US publishing giant Electronic Arts has discussed its mergers and acquisition strategy following news that it might be interested in buying Warner Bros' games arm.
Speaking to investors – as reported by Seeking Alpha – CFO Blake Jorgeson fielded a question about the company's M&A plans from Sanford C Bernstein's Todd Juenger, with the EA finance boss saying that it's common for people to reach out to discuss selling their company.
EA is reportedly one of many games giants interested in buying Warner Bros Interactive Entertainment, alongside the usual suspects of Activision Blizzard, Take-Two and Microsoft's Xbox division. The last high-profile acquisition EA made was Titanfall maker Respawn Entertainment, which it snapped up for over £200m in November 2017.
"It is very rare that we don't get a chance to look at anything that's up for sale," Jorgensen said.
"You can imagine people call us and say we're thinking about selling a business or we're thinking about selling ourselves. We are a place that a lot of people want to come as a long-term home if they decide to sell the business. So we get to look at almost everything. I can't comment on any specific acquisition other than what you've seen in the past where we've done the best is where we have long-term relationships with people. And we're really trying to buy great talent versus games. Respawn is a classic example where we were able to bring them into the fold, give them incredible support and it was all driven by the fact that they had incredible talent.

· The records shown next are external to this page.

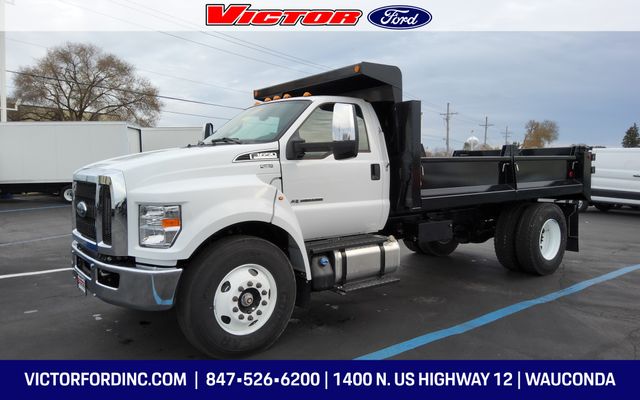 2026 Ford F-650 Diesel Base Truck Regular Cab's photo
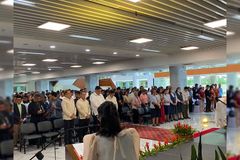 Mass for accountability, idinaos sa House of the Representatives People’s Center - VeritasPH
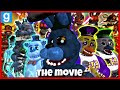 Twonkey bird and FnafBoy-The Movie (official trailer)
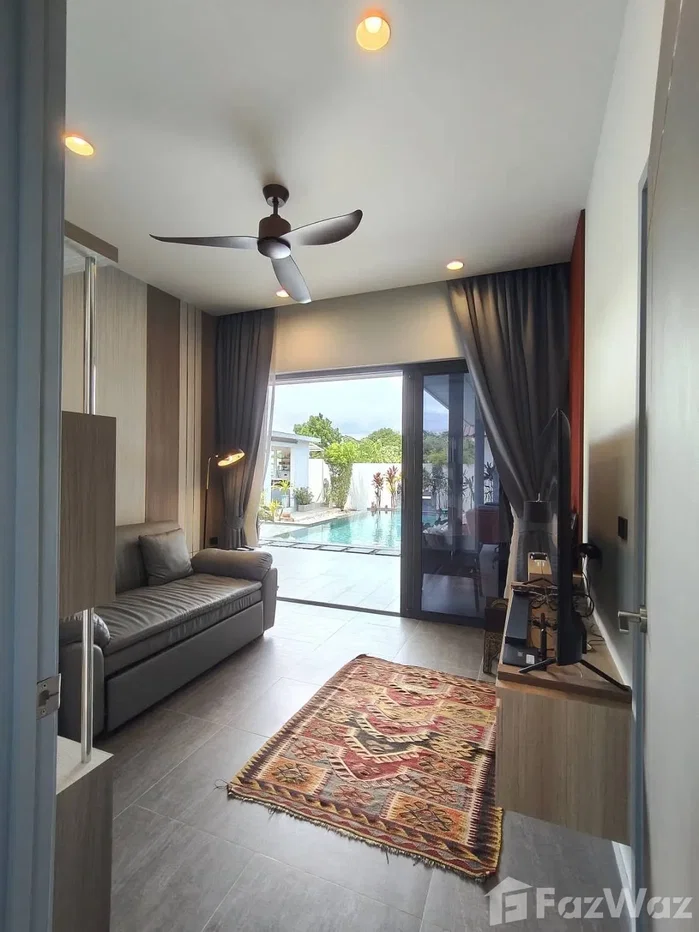 picture 3-Bedroom Pool Villa with Spacious Garden at Nantra Villa 6668825 - 24/25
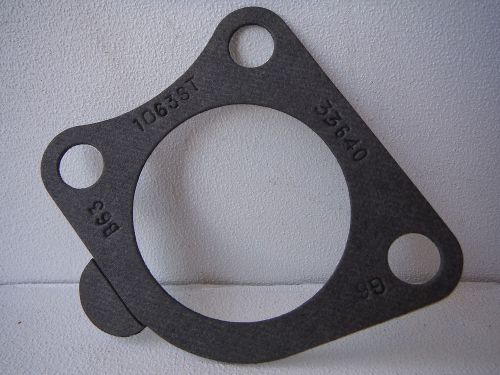 Motorad thermostat gasket mg 63 for sale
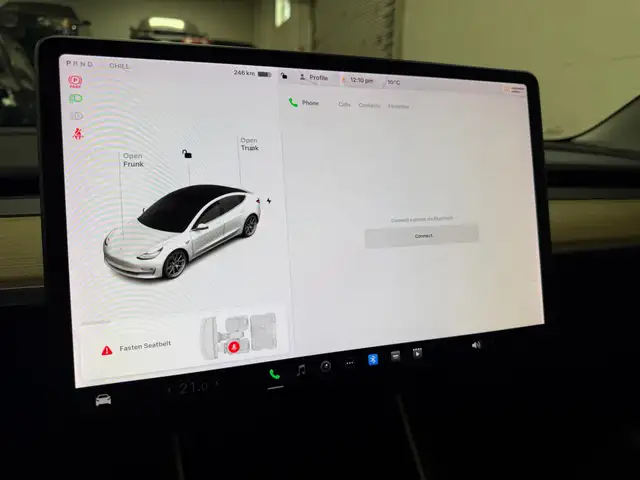 2020 Tesla Model 3 Standard Range Plus RWD - BLUETOOTH - NAVIGAT - Photo 17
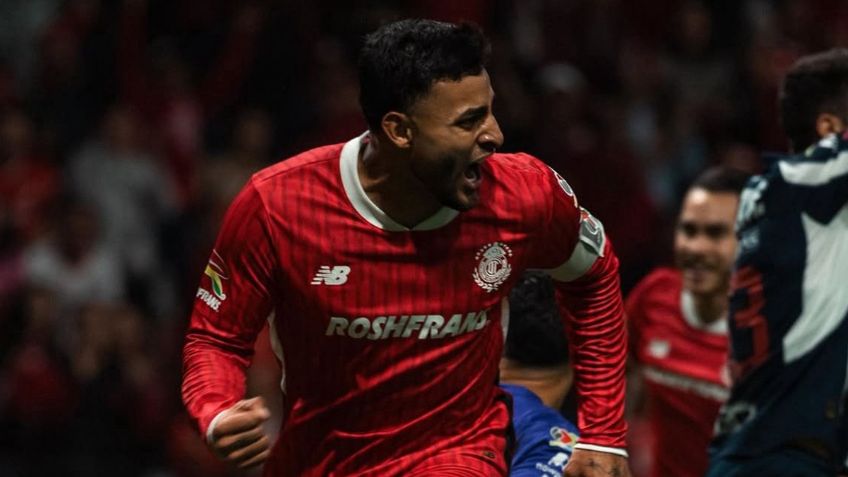 Grande de Europa vuelve a la carga por Alexis Vega, estrella del Toluca y la Selección Mexicana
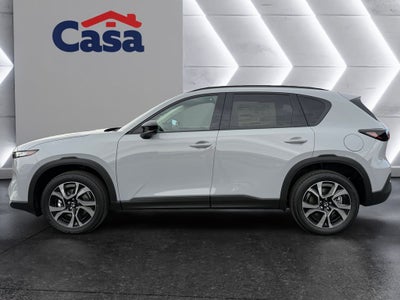 2026 Mazda Mazda CX-5 2.5 S Preferred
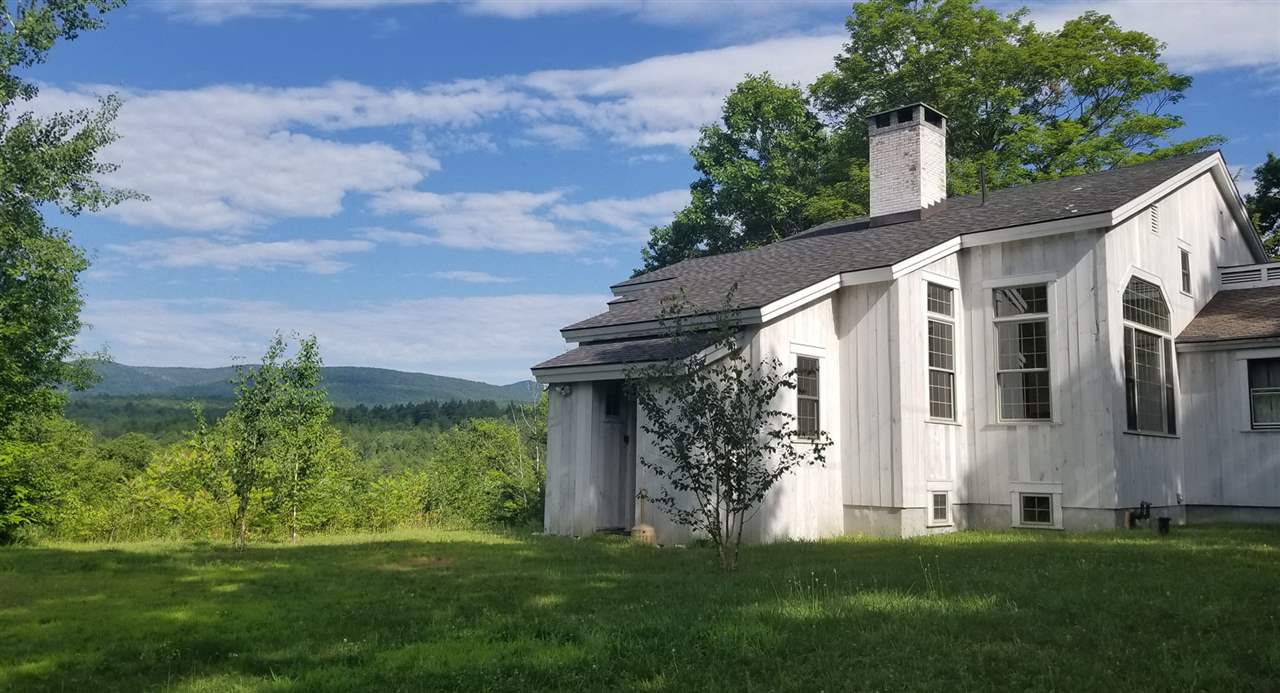 The current owners of the property have...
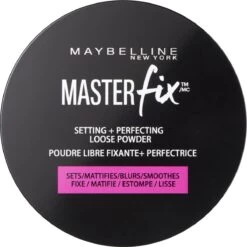 Maybelline Face Studio Master Fix Loose Gezichtspoeder - 01 Translucent -Mooi Leven 1200x1199 4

"It wasn't about Titanfall and that's no offence to Titanfall, it's an amazing game and we'll maybe see another Titanfall at some point sometime down the road, but it was really about the team and it starts at the top with Vince but it goes all the way through the whole organisation. So we're always looking at that. We'll always continue to look at that. We would hope we can find more. Our hope was is that some of the challenges in our broad world economy would actually make people think and understand that being sub-scale is difficult, but at the same time as you've seen from our results. I think everybody's going to do well in the next couple of quarters in our industry. And so it might take some time but trust that we are more interested than ever because we see talent and building great new franchises is critical to the long-term growth for business."